忌み子
二章「全身全霊のディスケ」
「近づくな……って、どういう意味だ?」
少女の剣呑な雰囲気にのみ込まれそうになりながらも、俺は口を開いた。少女はなおもこちらを凍りつかせるような視線で見据えている。
「そのままの意味よ。ここに二度と来ないで」
「なんでだよ。別に立ち入り禁止とも何とも書いてなかったぞ」
「……はぁ」
少女は少しうつ向き、ため息をついた。まるで聞き分けのない子供をあやすことに疲れた母親のような、苛立ちを含んだ表情をしている。

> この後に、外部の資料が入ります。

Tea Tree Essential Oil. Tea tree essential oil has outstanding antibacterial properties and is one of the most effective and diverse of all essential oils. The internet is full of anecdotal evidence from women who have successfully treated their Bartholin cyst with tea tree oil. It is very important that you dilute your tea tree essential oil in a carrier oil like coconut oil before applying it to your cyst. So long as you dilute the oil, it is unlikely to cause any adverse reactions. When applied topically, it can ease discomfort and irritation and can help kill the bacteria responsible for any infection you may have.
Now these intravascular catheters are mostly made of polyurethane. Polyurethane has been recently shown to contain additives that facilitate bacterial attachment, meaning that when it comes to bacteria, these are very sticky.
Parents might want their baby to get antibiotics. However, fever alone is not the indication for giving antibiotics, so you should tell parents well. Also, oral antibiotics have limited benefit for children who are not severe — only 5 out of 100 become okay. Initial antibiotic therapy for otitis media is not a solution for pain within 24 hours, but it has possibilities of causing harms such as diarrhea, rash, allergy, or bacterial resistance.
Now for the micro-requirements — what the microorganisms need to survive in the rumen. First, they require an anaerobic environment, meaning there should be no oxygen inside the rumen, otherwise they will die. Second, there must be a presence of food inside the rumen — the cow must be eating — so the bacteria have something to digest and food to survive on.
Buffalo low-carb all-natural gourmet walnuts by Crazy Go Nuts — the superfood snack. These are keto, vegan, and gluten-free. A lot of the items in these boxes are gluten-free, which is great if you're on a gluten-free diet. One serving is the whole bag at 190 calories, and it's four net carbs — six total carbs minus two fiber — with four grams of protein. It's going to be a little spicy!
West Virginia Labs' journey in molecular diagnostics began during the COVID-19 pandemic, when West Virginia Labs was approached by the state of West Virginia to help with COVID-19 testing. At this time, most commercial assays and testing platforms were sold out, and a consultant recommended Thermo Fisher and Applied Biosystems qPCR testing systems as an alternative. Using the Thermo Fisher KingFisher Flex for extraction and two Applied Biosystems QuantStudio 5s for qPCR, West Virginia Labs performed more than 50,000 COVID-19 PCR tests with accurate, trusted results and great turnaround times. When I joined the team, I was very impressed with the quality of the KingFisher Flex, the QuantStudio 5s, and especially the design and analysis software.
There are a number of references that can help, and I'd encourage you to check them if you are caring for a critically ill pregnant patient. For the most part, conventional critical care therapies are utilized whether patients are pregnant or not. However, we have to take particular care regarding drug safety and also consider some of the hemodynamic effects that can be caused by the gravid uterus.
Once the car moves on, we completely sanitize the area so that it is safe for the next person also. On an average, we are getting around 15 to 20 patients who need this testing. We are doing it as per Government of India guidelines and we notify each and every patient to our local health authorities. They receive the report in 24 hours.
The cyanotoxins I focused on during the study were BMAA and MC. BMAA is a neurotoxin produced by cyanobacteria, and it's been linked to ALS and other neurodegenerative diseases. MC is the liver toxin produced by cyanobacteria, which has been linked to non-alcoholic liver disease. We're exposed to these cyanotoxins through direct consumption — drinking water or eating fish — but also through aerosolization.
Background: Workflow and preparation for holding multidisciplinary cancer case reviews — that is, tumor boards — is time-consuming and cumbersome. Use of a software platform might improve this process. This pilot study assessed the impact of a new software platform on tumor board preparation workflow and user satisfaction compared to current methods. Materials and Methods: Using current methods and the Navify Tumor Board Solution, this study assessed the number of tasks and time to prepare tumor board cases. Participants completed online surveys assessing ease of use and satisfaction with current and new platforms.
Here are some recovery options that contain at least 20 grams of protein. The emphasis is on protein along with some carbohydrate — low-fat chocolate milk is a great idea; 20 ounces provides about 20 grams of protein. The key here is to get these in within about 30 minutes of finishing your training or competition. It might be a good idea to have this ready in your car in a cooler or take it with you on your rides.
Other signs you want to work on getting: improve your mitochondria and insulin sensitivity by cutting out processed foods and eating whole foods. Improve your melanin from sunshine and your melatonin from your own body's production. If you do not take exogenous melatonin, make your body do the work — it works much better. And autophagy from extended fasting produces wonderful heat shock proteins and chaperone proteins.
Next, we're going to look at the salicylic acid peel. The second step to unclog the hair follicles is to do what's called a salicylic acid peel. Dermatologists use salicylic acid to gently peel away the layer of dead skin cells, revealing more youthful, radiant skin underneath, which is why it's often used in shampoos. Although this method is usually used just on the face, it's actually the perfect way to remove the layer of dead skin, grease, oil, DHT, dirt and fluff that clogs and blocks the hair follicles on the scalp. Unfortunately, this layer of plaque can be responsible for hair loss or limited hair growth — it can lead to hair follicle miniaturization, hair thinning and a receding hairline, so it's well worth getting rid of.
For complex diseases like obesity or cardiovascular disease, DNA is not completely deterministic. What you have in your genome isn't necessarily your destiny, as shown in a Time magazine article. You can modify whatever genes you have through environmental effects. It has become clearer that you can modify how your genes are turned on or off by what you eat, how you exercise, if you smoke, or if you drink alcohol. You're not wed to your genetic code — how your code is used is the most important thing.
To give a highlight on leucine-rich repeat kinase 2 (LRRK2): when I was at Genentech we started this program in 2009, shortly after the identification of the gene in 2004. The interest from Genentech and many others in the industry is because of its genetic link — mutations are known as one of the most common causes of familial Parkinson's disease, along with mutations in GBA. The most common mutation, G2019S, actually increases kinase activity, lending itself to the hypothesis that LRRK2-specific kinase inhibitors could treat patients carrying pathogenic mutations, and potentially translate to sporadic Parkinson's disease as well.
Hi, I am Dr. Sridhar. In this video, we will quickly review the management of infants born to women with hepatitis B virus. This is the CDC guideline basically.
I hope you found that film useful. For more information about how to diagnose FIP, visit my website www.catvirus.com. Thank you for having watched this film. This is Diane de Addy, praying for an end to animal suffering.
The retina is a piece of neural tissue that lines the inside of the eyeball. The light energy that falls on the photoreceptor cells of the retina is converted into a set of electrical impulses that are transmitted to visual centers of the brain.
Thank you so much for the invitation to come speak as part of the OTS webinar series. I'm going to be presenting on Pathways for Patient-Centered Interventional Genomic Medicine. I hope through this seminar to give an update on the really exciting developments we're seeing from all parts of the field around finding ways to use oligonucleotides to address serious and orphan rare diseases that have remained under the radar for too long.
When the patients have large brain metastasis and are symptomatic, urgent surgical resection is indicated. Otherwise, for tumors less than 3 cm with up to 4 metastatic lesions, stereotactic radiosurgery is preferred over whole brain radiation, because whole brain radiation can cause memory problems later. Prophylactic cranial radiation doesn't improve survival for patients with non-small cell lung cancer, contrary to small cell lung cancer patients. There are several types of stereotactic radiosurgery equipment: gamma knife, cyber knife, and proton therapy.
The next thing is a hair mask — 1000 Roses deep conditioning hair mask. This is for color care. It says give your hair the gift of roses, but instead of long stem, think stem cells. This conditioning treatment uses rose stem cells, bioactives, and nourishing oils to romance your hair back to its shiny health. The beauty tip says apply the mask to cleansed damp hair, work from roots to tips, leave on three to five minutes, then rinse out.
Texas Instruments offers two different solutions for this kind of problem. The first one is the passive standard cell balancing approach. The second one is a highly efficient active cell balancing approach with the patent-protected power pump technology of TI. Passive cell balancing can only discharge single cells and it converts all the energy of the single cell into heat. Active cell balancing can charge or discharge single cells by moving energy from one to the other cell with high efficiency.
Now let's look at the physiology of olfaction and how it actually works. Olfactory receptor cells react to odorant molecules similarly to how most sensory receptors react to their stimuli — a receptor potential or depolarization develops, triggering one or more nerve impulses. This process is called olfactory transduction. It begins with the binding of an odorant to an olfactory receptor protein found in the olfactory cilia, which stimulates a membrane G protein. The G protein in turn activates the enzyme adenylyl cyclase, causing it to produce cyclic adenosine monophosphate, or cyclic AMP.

「もう一度言うから、よく聞きなさい。二度とこの塔に近寄らないで」
「理由を教えてくれ。いきなりそんなことを言われても納得できない」
「死ぬわよ?」
少女は再びこちらを見る。左右の色違いの瞳が俺を見る。
「いいわ、理由を教えてあげる」
少女は手で車いすを押してテーブルまで移動し、ティーカップを手に取る。
「私は呪われし忌み子。ここは私を隔離するために作られた鳥籠なのよ。人は鳥籠の外から餌を与えるだけ。決して中には入ってこないわ。あなたは人間でしょう?なら、ここには入ってはいけない存在。これが理由よ」
あっさりと少女は言ってのける。そういえばこの塔の名前は“鳥籠塔”だったと思いだしつつ、しかしやっぱり納得できない理由に首をひねる。
「悪いが、それじゃあ納得できないな」
「そう。なら別に止めはしないわ。忠告はしたものね」
「また明日来てもいいか?」
「好きにしなさい。いずれにせよ苦しむのはあなたで、私ではないもの」
心底興味がなさそうに少女は言い放つ。目を閉じて紅茶をすする姿はまるで西洋画のように芸術的で、見るものすべての心をとりこにしてしまうかのような美しさを携えていた。
「いつまでそこで見ている気なの?」
「え?ああ、悪い。……それじゃ、また明日」
俺の言葉には口で答えず、少女はカップを掲げて挨拶をした。
部屋を後にして、元来た道を戻る。長い長い螺旋階段を下り、塔の外へと出たところでふと思いだした。
「名前聞くの忘れてたなあ」
まあ明日があるさ、と気持ちを切り替え、寮へと向かって歩きだすのだった。
遠ざかる彼の後姿を、私は窓から見ていた。誰も近寄ろうともしないここへとわざわざ足を運んだ物好きな男子生徒。朝倉、孝平。
「……本当、変な人」
空になったティーカップをコースターに置きながら、彼の残した言葉を反芻する。